Il coraggio, la Juve, l’ha avuto. È solo durato poco più di 4 minuti: una manciata di ottimismo che ha colorato l’Olimpico dell’oro della scorsa stagione, disegnando un futuro roseo come il passato. Poi però non è cascato solo il pero: è cascata una squadra intera sotto i colpi di un futuro che ha abbracciato più ombre, meno luci. Il bianco e il nero diventano allora quasi simbolici: perché le fiammate ci sono, e partono spesso dagli esterni. Il resto è invece vuoto cosmico, son sintomi d’inesistenza. La metà campo juventina si fa vortice scuro sotto i colpi del centrocampo biancoceleste, nero che paragonarlo alla pece diventa un complimento da gentiluomini.
Quattro minuti, diciassette secondi. Attimi in grado di cambiarla, questa partita maledetta. Attimi che però trovano Strakosha e muri mentali praticamente insormontabili. E se l’amore della tua vita decide ch’è il momento di andarsene con il più bello della tua festa, il massimo delle tue facoltà è arrancare.
Eppure Allegri ha avuto tempo, spazio, manovra. Non si sa quanto potere decisionale (e la scelta sul terzino destro è lapalissiana), ma questa squadra è principalmente sua. E a lui vanno additati i visi pallidi, i musi lunghi, l’incertezza collettiva che apre una stagione con più di un punto interrogativo. Del tipo: sicuri che non si abbia poi così bisogno di questo Marchisio? Oppure: quanto ancora può dare Cuadrado a questa squadra? Chiaro: sono pur sempre chiacchiere disfattiste d’una sera di metà estate. E chiaro, parte due: quattordici quattordicesimi della squadra scesa in campo ha bisogno di crescere in coesione, mentalità. E soprattutto dal punto di vista fisico.
Restano indiscutibili le scelte. Resta indiscutibile il tecnico. Se Benatia s’addormenta sul secondo e Cuadrado si gira su sé come se avesse perso il portafogli, sul taccuino del mister ci sono pochi errori da blu. Sui nuovi, neanche una traccia d’inchiostro: ci vuole tempo. Forse troppo tempo.

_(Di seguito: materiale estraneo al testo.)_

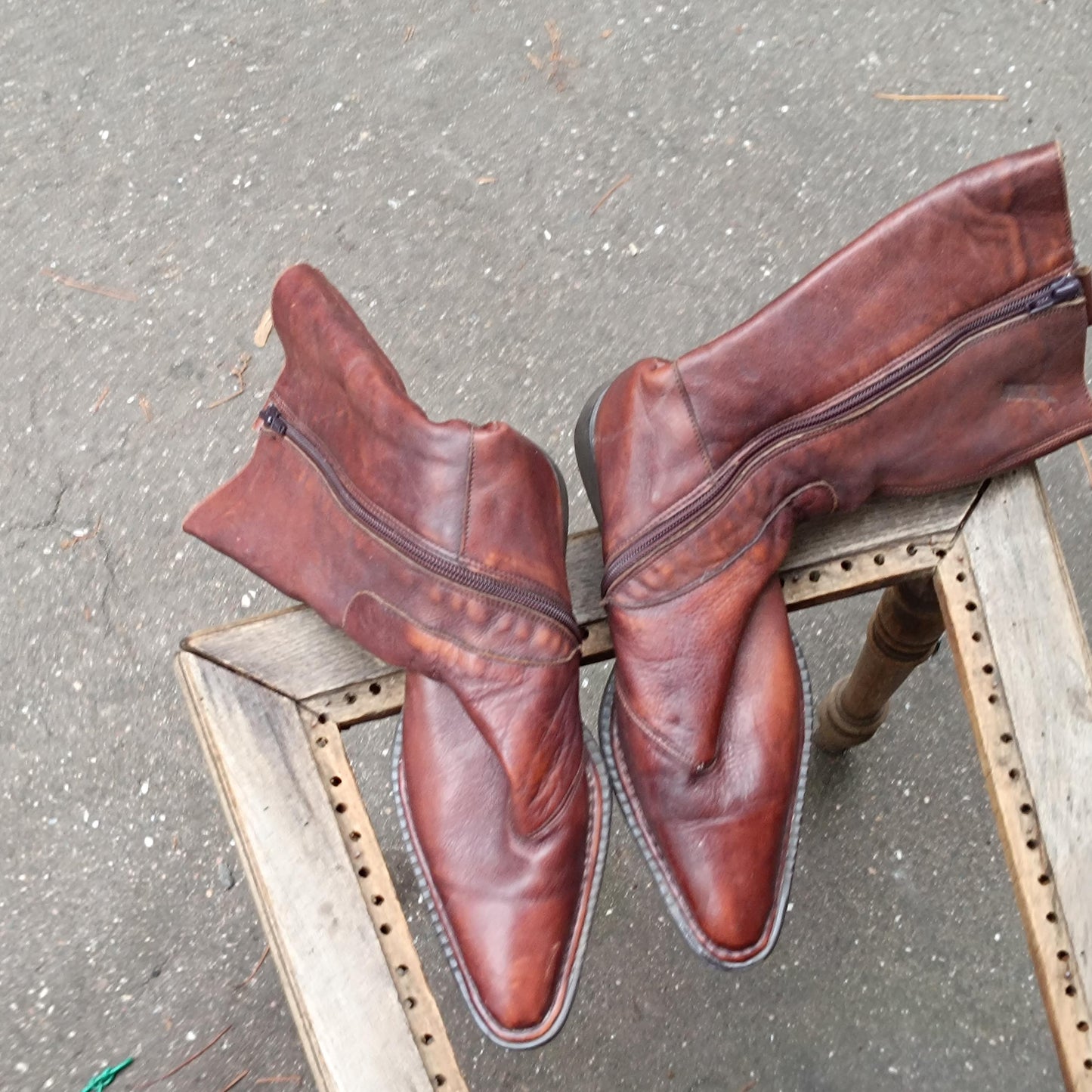 Vintage Cowgirl Brown Leather Boots Pointed Toe Zip Up Mid Calf Boho Western 90s Aesthetic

La scena entusiasta, il risvolto drammatico (a tratti drammaticissimo), poi la ricarica e la musica di certe notti volte a caricarti. Il lieto fine però è per chi sa azzannare le partite. Dieci minuti di vera Juve danno determinate dimensioni: questa resta la squadra più forte di tutte, ma le amnesie alla base sanno di potenziale – enorme – gettato al vento, alle ortiche, ad un finale che nonostante tutto resta giusto.
Il talento da solo può dire tanto, non ha tuttavia mai fatto la differenza. Non potrà mai farlo. Non quando il pallone scotta e hai soltanto un dieci a portata d’arsenale. È la dura legge degli uomini, è un’altra finale persa per assenza ingiustificata di estro. È il film della tua vita che ha nuovamente sentenziato un limite: quello che morde l’inconcludenza. Quello che crea e distrugge, da sé. Quello che non vorresti vedere mai, ma che vola alto. Come l’aquila laziale. La stagione è lunga, la Supercoppa resta una mazzata. Che fa male. Che fa crescere.